Insurance undertakings:

  • Act 20/2015, dated 14 July 2015, on the regulation, supervision and solvency of insurance and reinsurance undertakings
  • Royal Decree 1060/2015, dated 20 November 2015, on the regulation, supervision and solvency of insurance and reinsurance undertakings

EU level

  • European Banking Authority Guidelines on outsourcing arrangements (EBA/GL/2019/02)
  • European Securities and Markets Authority Guidelines on outsourcing to cloud service providers (ESMA 50-164-4285)
  • EU Guidelines on ICT and security risk management (EBA/GL/2019/04)
  • European Insurance and Occupational Pensions Authority Guidelines on outsourcing to cloud service providers (EIOPA-BoS-20-002)
  • EU regulation of the European Parliament and of the Council on digital operational resilience for the financial sector and amending Regulations (EC) No. 1060/2009, (EU) No. 648/2012, (EU) No. 600/2014 and (EU) No. 909/2014

3. Are there any specific contractual requirements for cloud outsourcing?

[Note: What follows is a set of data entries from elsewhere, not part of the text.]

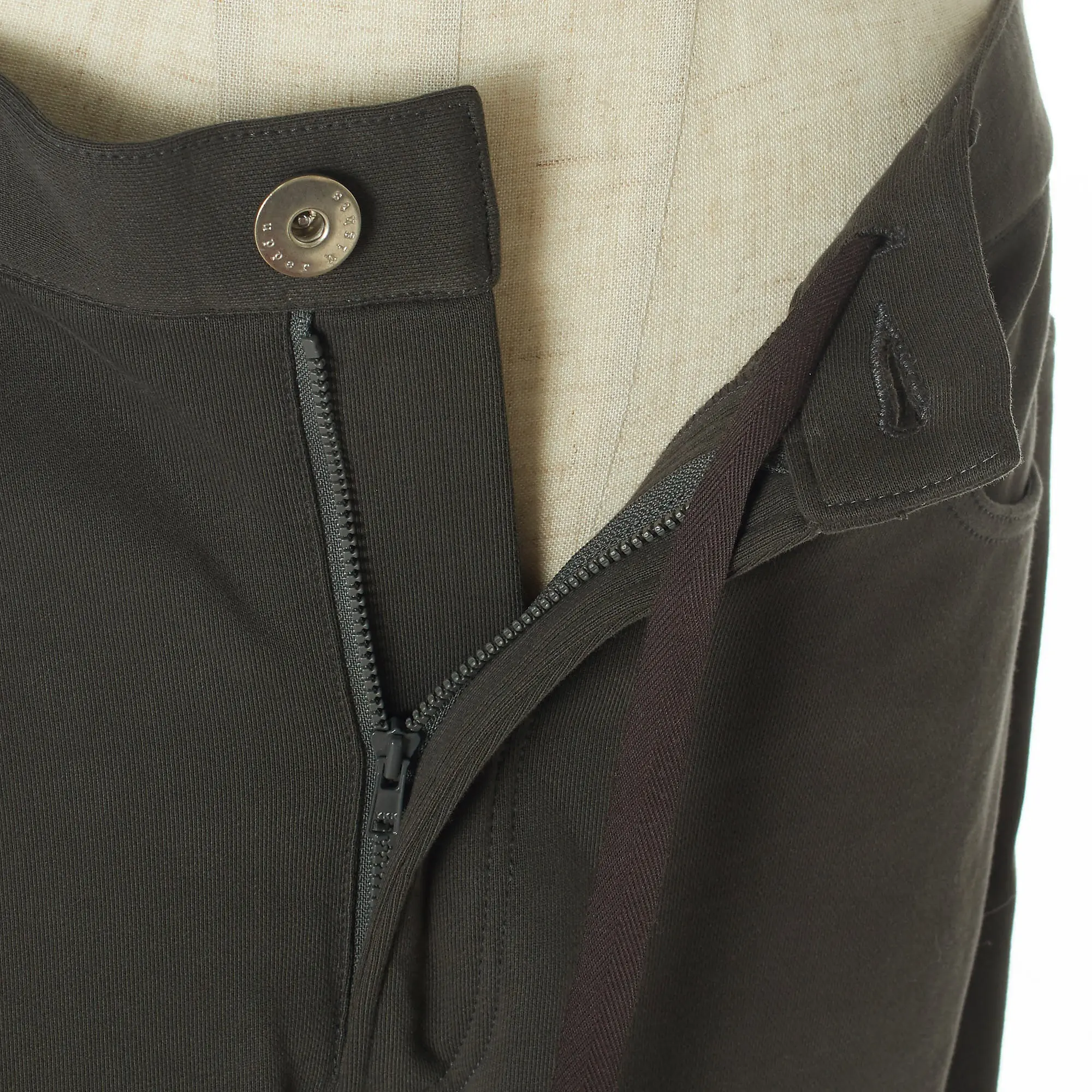 こなれたムードを加えるのに欠かせない「upper hights × éclat」「rag & bone」のリラクシーパンツ」_1_3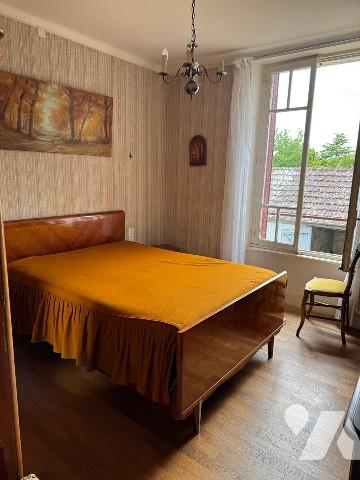 Maison de village à rénover avec jardin et dépendances.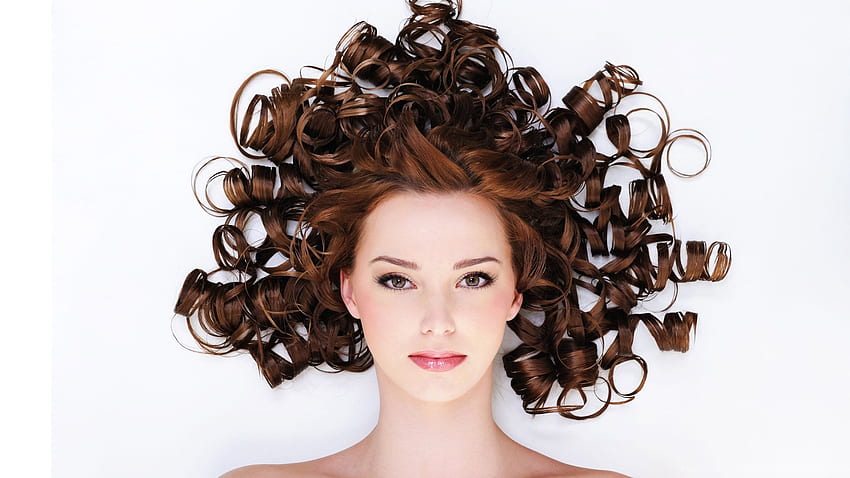 Estilos de cabello para mujeres Peinados llamados Nuevo peinado. fondo de pantalla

According to both the Spanish regulatory legislation and EU level legislation , the rights and obligations of the parties entering an outsourcing agreement should be clearly allocated and set out in a written agreement, which, where it affects critical or important functions, must at least include the following, among others:

  • A clear description of the outsourced function to be provided
  • The start date and end date, where applicable, of the agreement and the notice periods for the service provider and the financial institution
  • The governing law of the agreement
  • The parties' financial obligations
  • Whether the sub-outsourcing of a critical or important function, or material parts thereof, is permitted and, if so, the conditions that the sub-outsourcing is subject to
  • The locations (i.e., regions or countries) where the critical or important function will be provided and/or where relevant data will be kept and processed, including the possible storage location, and the conditions to be met, including a requirement to notify the financial institution if the service provider proposes to change the locations
  • Where relevant, provisions regarding the accessibility, availability, integrity, privacy and safety of relevant data
  • The right of the institution or payment institution to monitor the service provider's performance on an ongoing basis
  • The agreed service levels, which should include precise quantitative and qualitative performance targets for the outsourced function to allow for timely monitoring so that appropriate corrective action can be taken without undue delay if the agreed service levels are not met
  • The reporting obligations of the cloud service provider to the financial institution, including the communication by the provider of any development that may have a material impact on the service provider's ability to effectively carry out the critical or important function in line with the agreed service levels and in compliance with applicable laws and regulatory requirements and, as appropriate, the obligations to submit reports on the internal audit function of the cloud service provider
  • Whether the cloud service provider should take out mandatory insurance against certain risks and, if applicable, the level of insurance cover requested
  • The requirements to implement and test business contingency plans
  • Provisions that ensure the data owned by the financial institution can be accessed in the case of the insolvency, resolution or discontinuation of business operations of the service provider
  • The obligation of the service provider to cooperate with the competent authorities and resolution authorities of the financial institution, including other persons appointed by them
  • A clear reference to the national resolution authority's powers, if applicable.
  • The unrestricted right of the financial institution and competent authorities to inspect and audit the service provider regarding, in particular, the critical or important outsourced function
  • Termination rights
  • The requirement for the cloud service provider to have a contingency plan to maintain its activity and limit the entity's losses in the event of serious incidents

Pursuant to EU Guidelines on ICT and security risk management (EBA/GL/2019/04), to ensure continuity of ICT services, financial institutions should ensure that contracts and service level agreements with cloud service providers include the following:

  • Appropriate and proportionate information security-related objectives and measures including: requirements such as minimum cybersecurity requirements; specifications on the financial institution's data life cycle; any requirements regarding data encryption, network security and security monitoring processes; and the location of data centers
  • Operational and security incident handling procedures including escalation and reporting

EU regulation of the European Parliament and of the Council on digital operational resilience for the financial sector and amending Regulations (EC) No 1060/2009, (EU) No 648/2012, (EU) No 600/2014 and (EU) No 909/2014 will also be relevant when considering contractual requirements for cloud outsourcing.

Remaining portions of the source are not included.